Women who entered the workforce after the baby boomers have a lot to be thankful for.
It’s easy to take for granted that many women before us worked hard to break down gender barriers. We are blissfully unaware that several well-established Canadian companies did not have female managers until the 1970s or later. For those of us who identify as Gen X, Gen Y or Millenials in Canada, it doesn’t occur to us that we would be told that we couldn’t do a certain job because we are a woman.
However, despite these gains in gender equality, women are still facing several unique challenges in the corporate world:
Sheryl Sandberg, author of Lean In, and Adam Grant wrote a fascinating article as part of their New York Time series on Women at Work. In Madame CEO, Get Me a Coffee they argue that women are expected to do domestic based tasks at work, regardless of their rank in the company.
In fairness, many women tend to revert to a “helper” role too quickly, which can translate into taking on these domestic tasks before it would occur to most men to step in and help. Yet there is an expectation for women to be more “nurturing and communal” than men. Sandberg and Grant point out that, “a man who doesn’t help is ‘busy’; a women is ‘selfish’.”
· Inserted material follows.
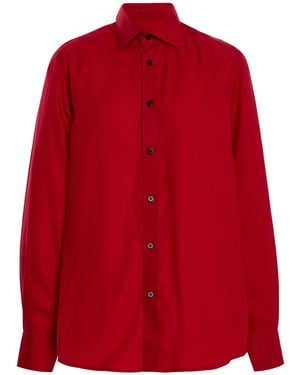 With Nothing Underneath Exclusive The Boyfriend Shirt - Red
Sandberg admonishes women to be conscious of behaviours that reinforce the role of being the work wife, as this is time and energy that could be redirected to achieving more influence within the corporation. If women are naturally wired to be more relational, then we need to channel this energy into more self-care, which allows us to “gain more influence and sustain more energy.” This results in greater overall impact, instead of being bogged down by menial tasks.
Over the past year, I have heard several prominent female authors reference gender bias in corporate performance reviews. I started investigating the research about this phenomenon and it was alarming what I found.
For example, in her article The One Word Men Never See in Their Performance Reviews Kathleen Davis references a report for Fortune.com, where 248 performance reviews were collected from a range of start-up to large tech companies. In this report by linguist Kieran Snyder, the word “abrasive” was used to describe 13 women, but that word was never used once in a man’s review. Furthermore, 71 women had negative feedback in their review (as opposed to constructive feedback), as opposed to only two men.
When it came to constructive feedback—the type you would expect to see in a performance review—81 men had only constructive feedback, versus 23 women. At the end of her article, Davis asks us to consider, “Why abrasive is an adjective reserved for women?”
Ask any woman who has worked in the corporate world for a few years, and most will refer to an instance in which they were told they were too meek, too aggressive, too harsh, too enthusiastic, etc. Yet men do not seem to get this same personal, negative feedback.
I remember one of my close friends telling me a few years ago that her dream for her daughter is that she can choose whatever career path she wants, without having to take into consideration childcare restrictions.
Yes, there are some innovative companies with fantastic options for childcare, but for the average Canadian family there are still major obstacles that women tend to be shouldering the burden for. The financial industry in Canada is a significant employer of women, yet in B.C. there are relatively few work arrangements that allow for the tele-commuting, flex-shifts and job-sharing that many working mothers desire.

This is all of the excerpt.